An alternative culture-independent method to 16S rRNA gene sequencing is shotgun metagenomic sequencing. This method has the potential to detect all genomic contents derived from all types of microorganisms (including bacteria, fungi, parasites, and viruses) present in a test sample. Shotgun metagenomic sequencing therefore enables the ability to discriminate microorganisms on a species-level, or even strain-level, and provides access to the functional gene composition of these microorganisms. However, the implementation of shotgun metagenomics into clinical diagnostics is still troublesome due to its low sensitivity caused by the large amount of human DNA present in clinical samples24,25. For this reason, targeted amplicon sequencing, such as 16S rRNA gene sequencing analysis, remains currently the method of choice for culture-free bacterial detection and determination in the field of clinical diagnostics.

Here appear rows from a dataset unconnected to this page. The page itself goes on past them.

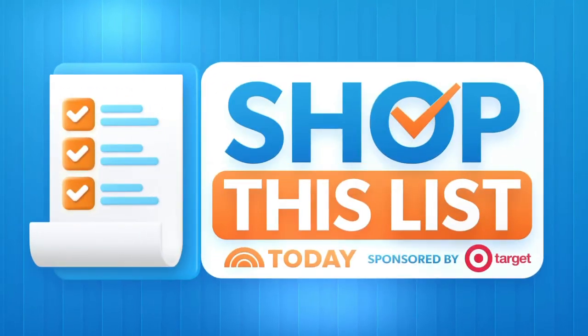We are back with our series 'Shop This List.' This week's picks are affordable products that can help you rest and recharge. We've got Shop All Day contributor Chassie Post here to share them with us. You can shop along — just scan the QR code and add everything to your cart with just one click. Chassie, good morning!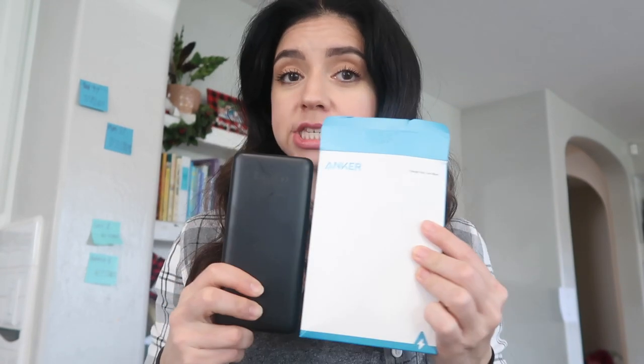Speaking of portable chargers, I want to show you something else that is very much needed — this is for my kids. They have Nintendo Switch consoles, and in order to keep their Switch charged on the planes, we got an Anker charging station. It's a little more expensive so we just got one for the kids to share. You charge it up to a full battery and then plug it into their Switch, and it'll keep it charged while on the plane.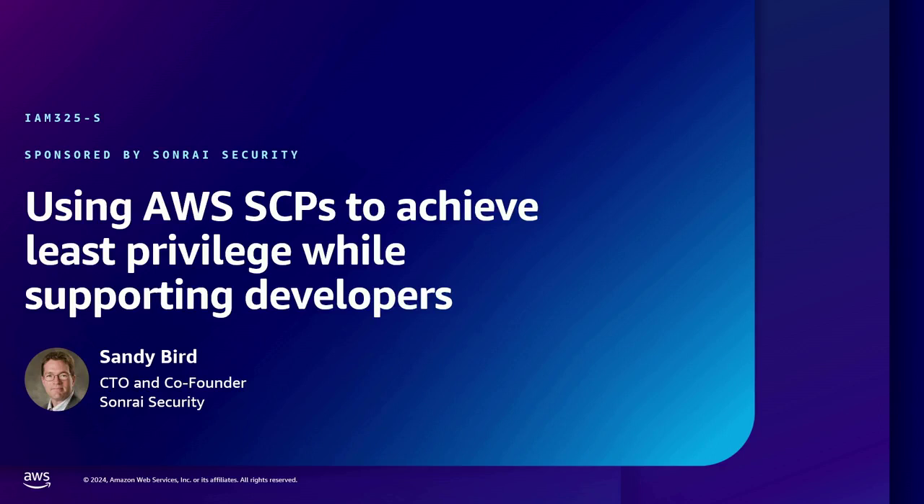Good morning everyone. We're going to spend a little bit of time today talking about SCPs and how you can use them to get least privilege. I'm Sandy Bird. I'm the CTO of Sunray Security. I've spent about the last four years of my life trying to get least privilege in AWS accounts by editing individual policies on individual identities. And after doing that for four years, I'm quite frustrated, because it never seems to stop.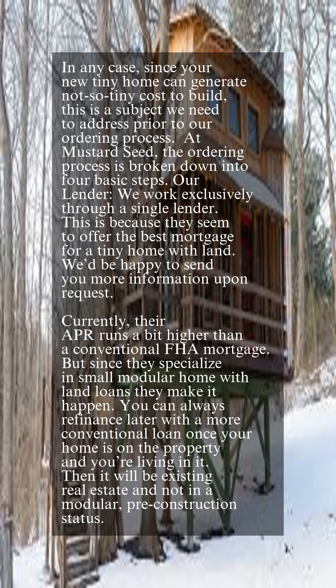At Mustard Seed, the ordering process is broken down into four basic steps. Regarding our lender — we work exclusively through a single lender, because they seem to offer the best mortgage for a tiny home with land. We'd be happy to send you more information upon request.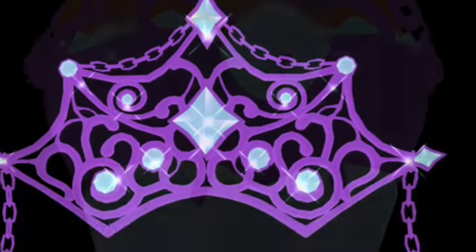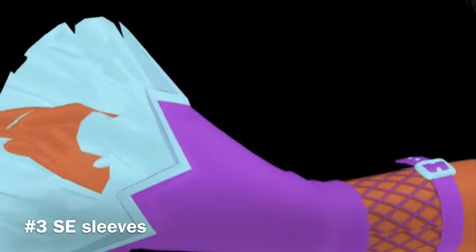At number four we have the Shadow Empress Corset. I like this corset a lot — it reminds me of like a cat collar. I like it because of all the details; it would be great for a Halloween set. It has a little bit less detail than some of the other items, so that's why I'm only ranking it at number four.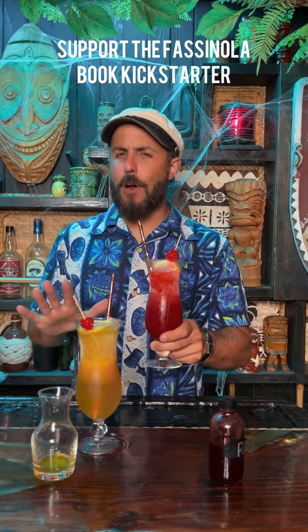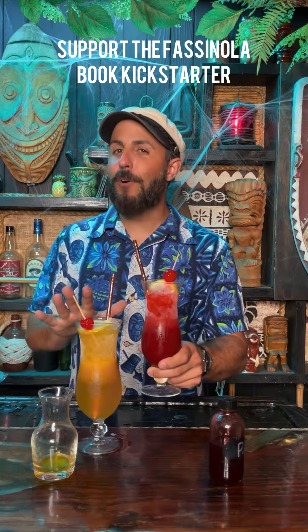Passionola is largely an ingredient that has been ignored, that breathes complexity into an otherwise pedestrian cocktail. The hurricane made with passionola syrup is dark, flavorful, and complicated — just like you.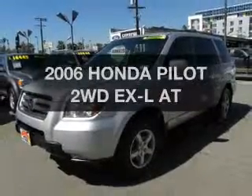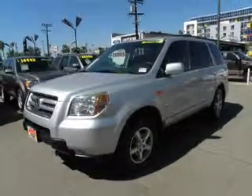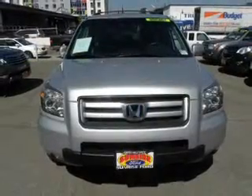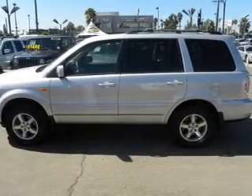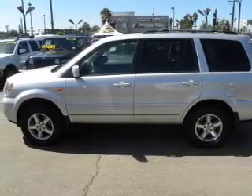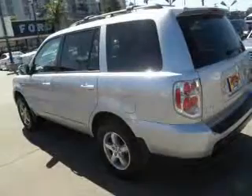Check out this 2006 Honda Pilot — this is the set of wheels you've been looking for. The powertrain includes front wheel drive with a solid six-cylinder engine connected to a smooth shifting automatic transmission. Premium wheels lend a distinctive appearance.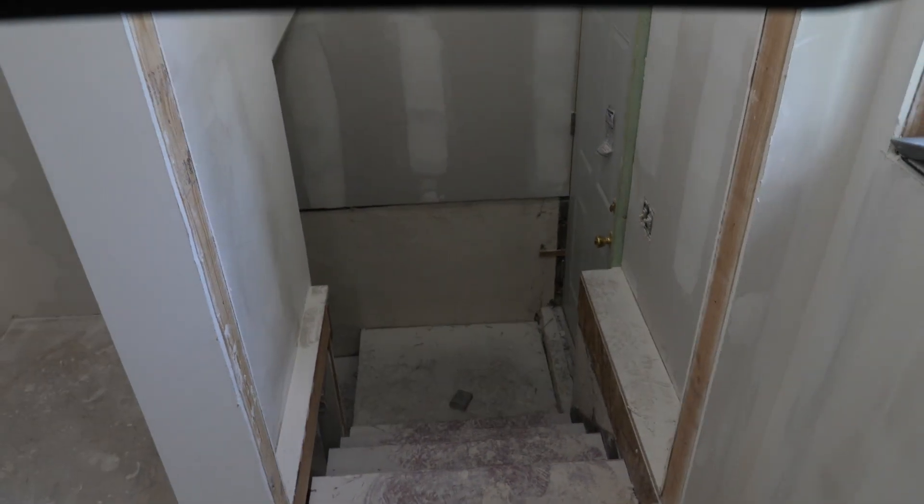Moving over here to what's going to be the laundry room — as you can see, everything is rocked and finished, still needs a little bit of finish sanding. We're going to have some candle lights on the ceiling and of course still need to finish around the window yet.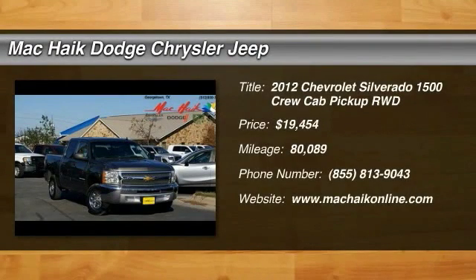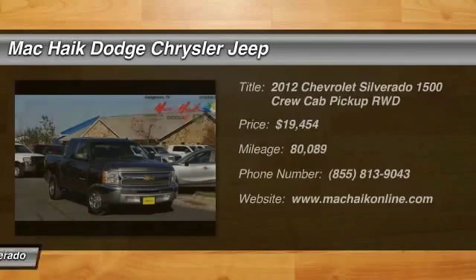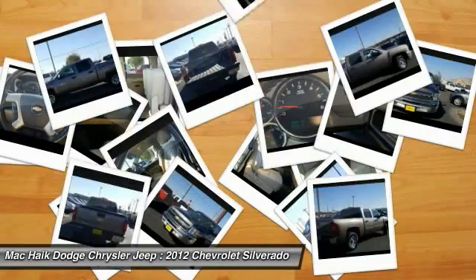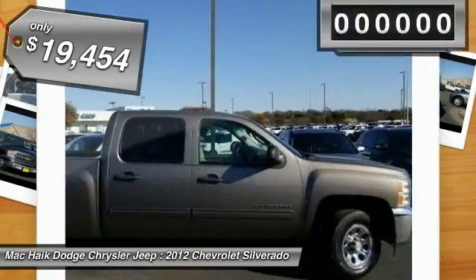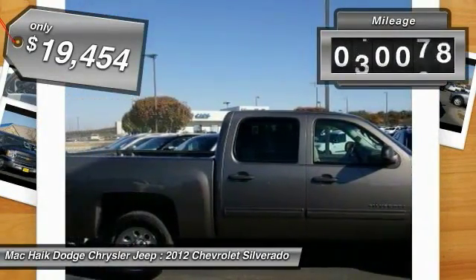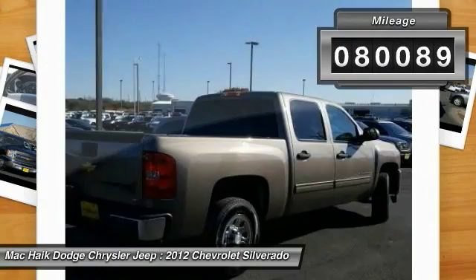2012 Silverado 1500. The Chevy Silverado 1500 has the lowest cost of ownership of any full size pickup and is priced below $20,000. This vehicle has less than 85,000 miles.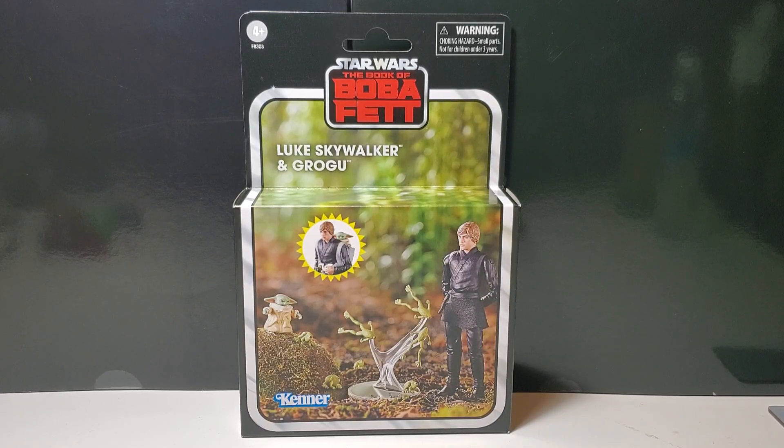Greg Newmaster coming at you again with another action figure review. Today I have Star Wars The Vintage Collection Luke Skywalker and Grogu Deluxe figure from the Book of Boba Fett. If you like the video please like and subscribe.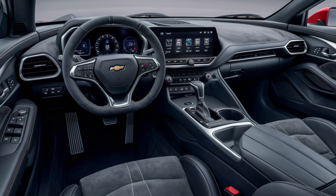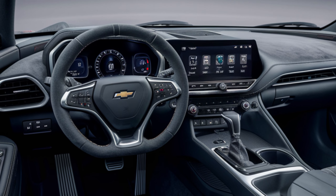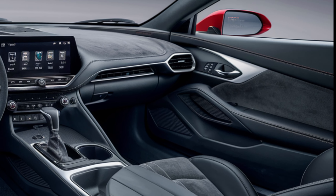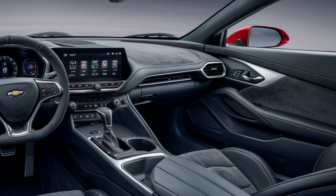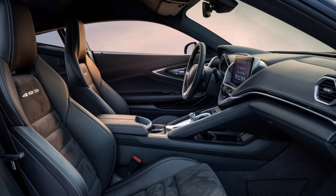Now let's step inside and explore the interior. The Chevrolet 490 doesn't disappoint when it comes to luxury and comfort. The cabin is spacious with premium materials used throughout. You'll find soft-touch leather seats providing both comfort and style. The driver's seat is power adjustable with lumbar support, and there's plenty of leg room for both front and rear passengers.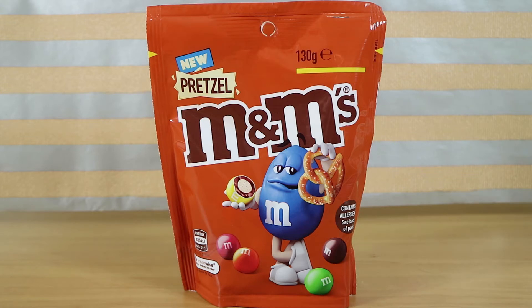Good morning, good afternoon, and good evening. I'm here with my pretzel wife, Laura. I'm here with my crunchy husband, Nathan. And we're here for the new, for Australia, pretzel M&M's.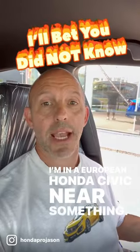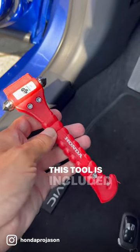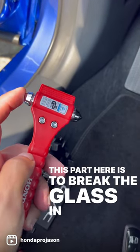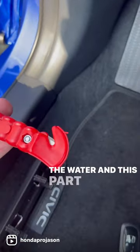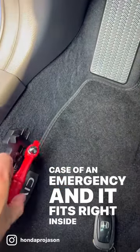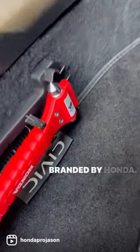I'm in a European Honda Civic, and here's something I'll bet you didn't know. This tool is included in every car in the Netherlands. This part here is to break the glass in case you fall into the water, and this part here is to cut the seatbelt in case of an emergency. And it fits right inside here and it's branded by Honda.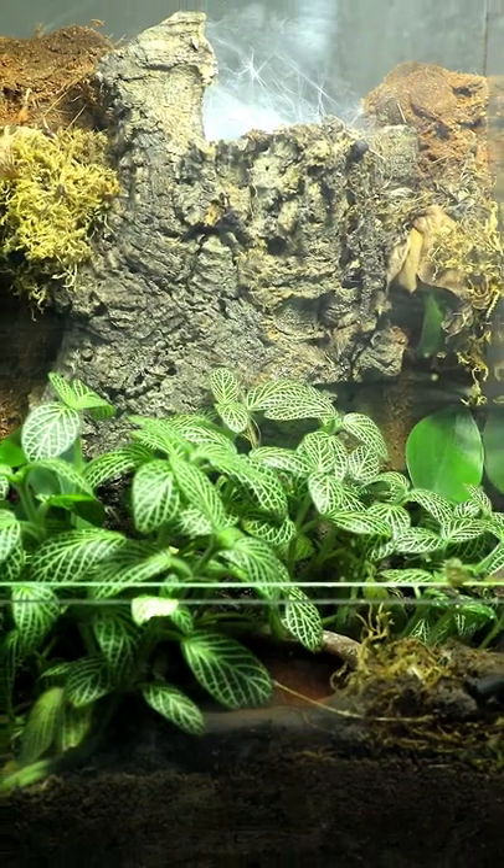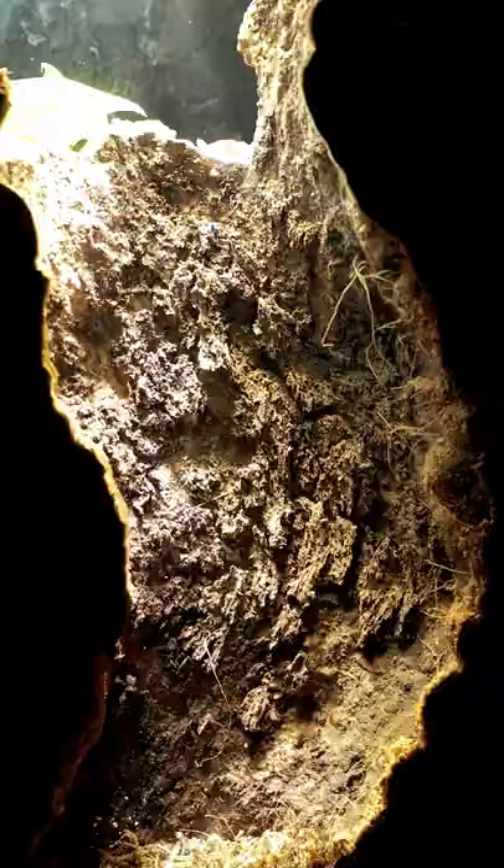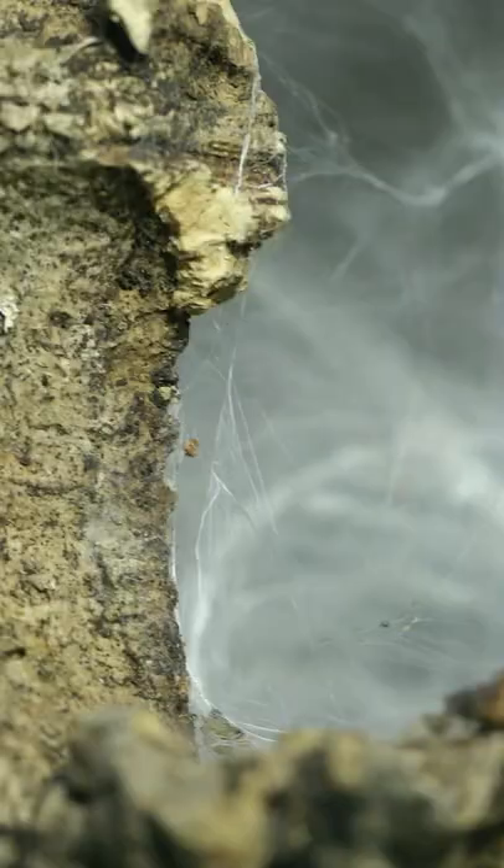This is the home of my gorgeous and huge Sapphire Goody Tarantula. Two months ago she crawled into this artificial tree hollow I made for her and has never left since. She completely sealed herself off with silk.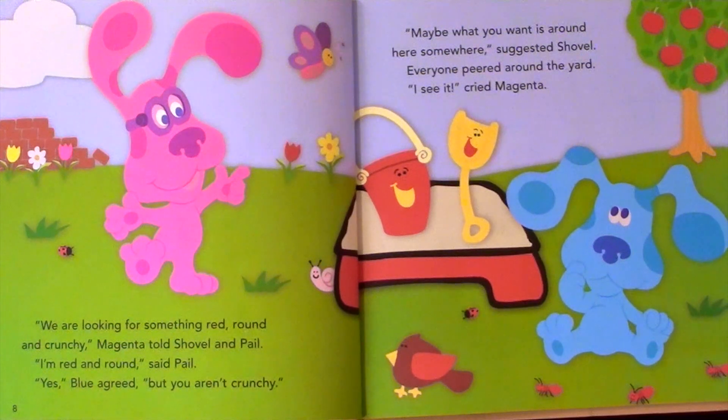We are looking for something red, round, and crunchy, Magenta told Shovel and Pale. I'm red and round, said Pale. Yes, Blue agreed, but you aren't crunchy. Maybe what you want is around here somewhere, suggested Shovel. Everyone peered around the yard.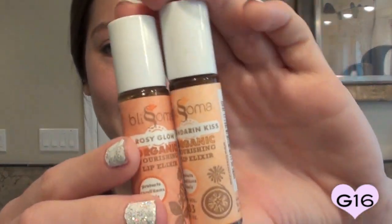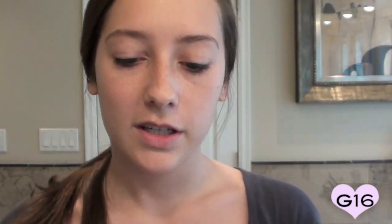To finish off, I'll go in with the Mandarin Kiss Organic Nourishing Lip Elixir or the Rosy Glow — same product, different scents. The Rosy Glow is more floral and the Mandarin Kiss is more like oranges. This protects, conditions, and heals your lips — it's basically like a lip balm but more of a lip oil. It comes in a roller ball. I'm actually going to use the Rosy Glow one.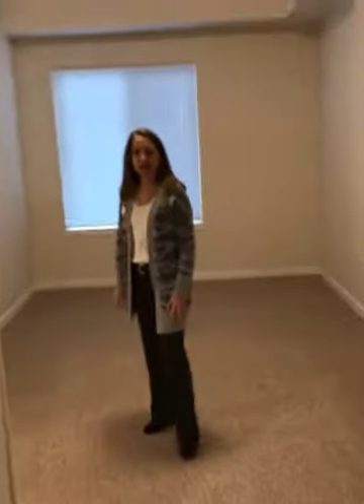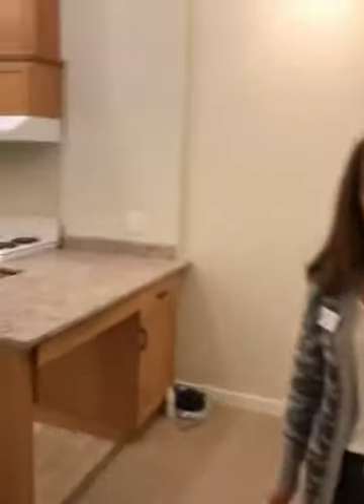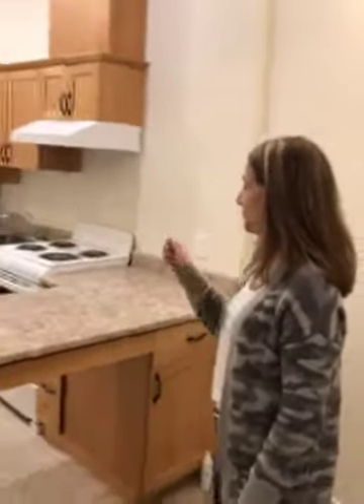So this apartment is available right now. You might have noticed when we came in, we do have a kitchen. Our apartments do have kitchens, so they feel more homey. The stove is off, but it does have a refrigerator and a freezer that they can use for snacks. So if you would like more information about this apartment, give me a call. Thank you.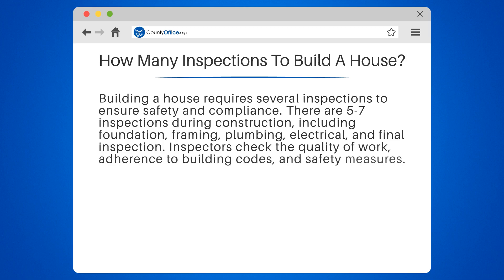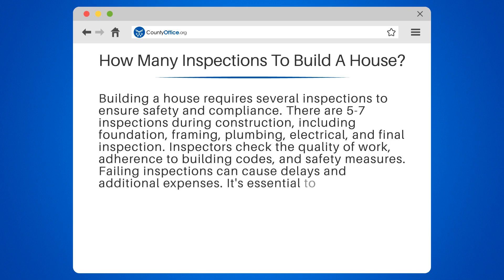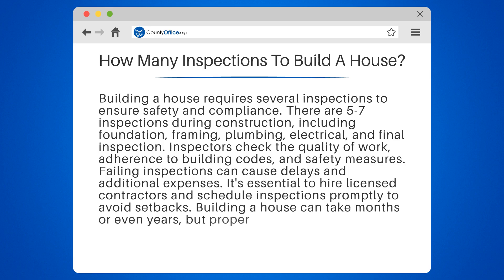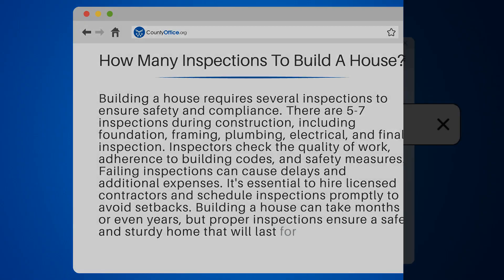Inspectors check the quality of work, adherence to building codes, and safety measures. Failing inspections can cause delays and additional expenses. It's essential to hire licensed contractors and schedule inspections promptly to avoid setbacks. Building a house can take months or even years, but proper inspections ensure a safe and sturdy home that will last for generations.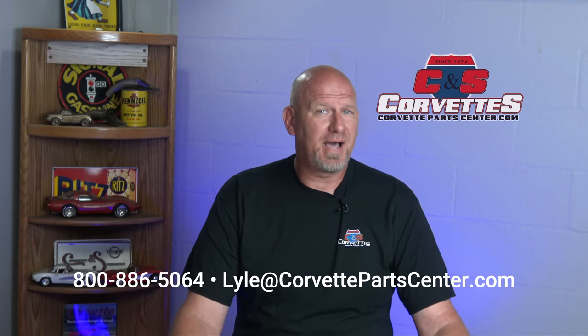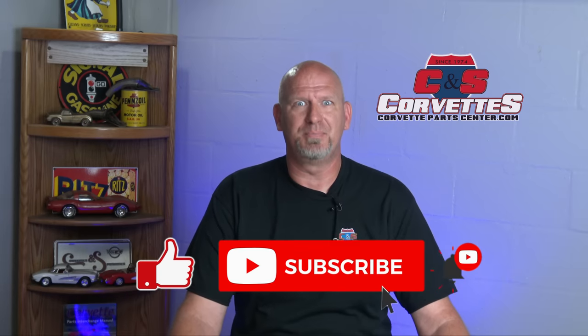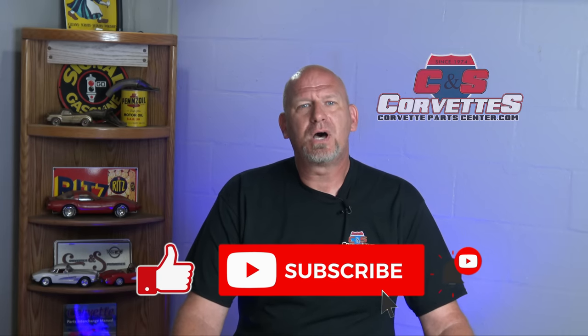Hello everybody, welcome back to Lyle's Friday podcast from CNS Corvettes here in sunny, beautiful Florida. I wanted to talk to you about some things on C5 Corvettes. Last week I did a video about the five things to never do as a C4 Corvette owner, and several people wrote in the comments asking for one on C5 Corvettes. So this week, I'm going to tell you the five things to never do as a C5 Corvette owner.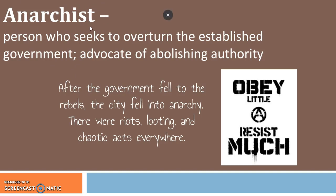Anarchist is a noun just as anarchy is a noun, and an anarchist is a person who practices anarchy. It's a person who seeks to overturn the established government and advocates for the abolishing of government. After the government fell to the rebels, the city fell into anarchy. There were riots, looting, and chaotic acts everywhere. So if you're writing a story about dystopias and revolutions or something along those lines, anarchy is a great word that you can use.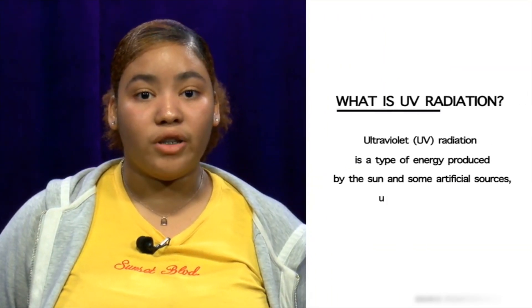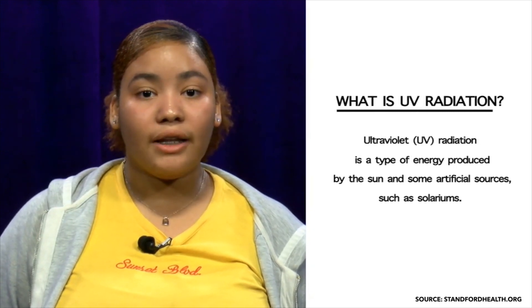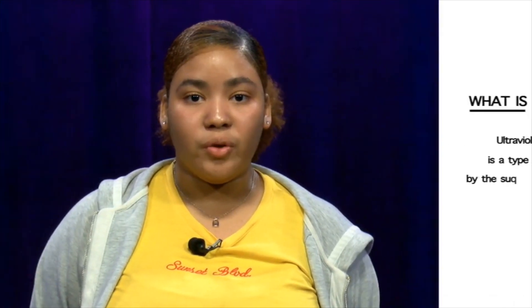Ultraviolet radiation is a great risk factor for skin cancer. Sunlight is the main source for UV radiation. People who get a lot of UV exposure from these sources are at greater risk for skin cancer.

Altogether, the updated 16S rRNA gene sequencing workflow using ONT’s long-read sequencing technique generates high-resolution taxonomic analysis with accurate quantification of (low) abundant bacterial species in clinical samples or confirm culture-negative results. The implementation of micPCR in combination with Flongle sequencing makes it possible to produce these clinically relevant data within a clinically relevant time frame in a cost-effective manner.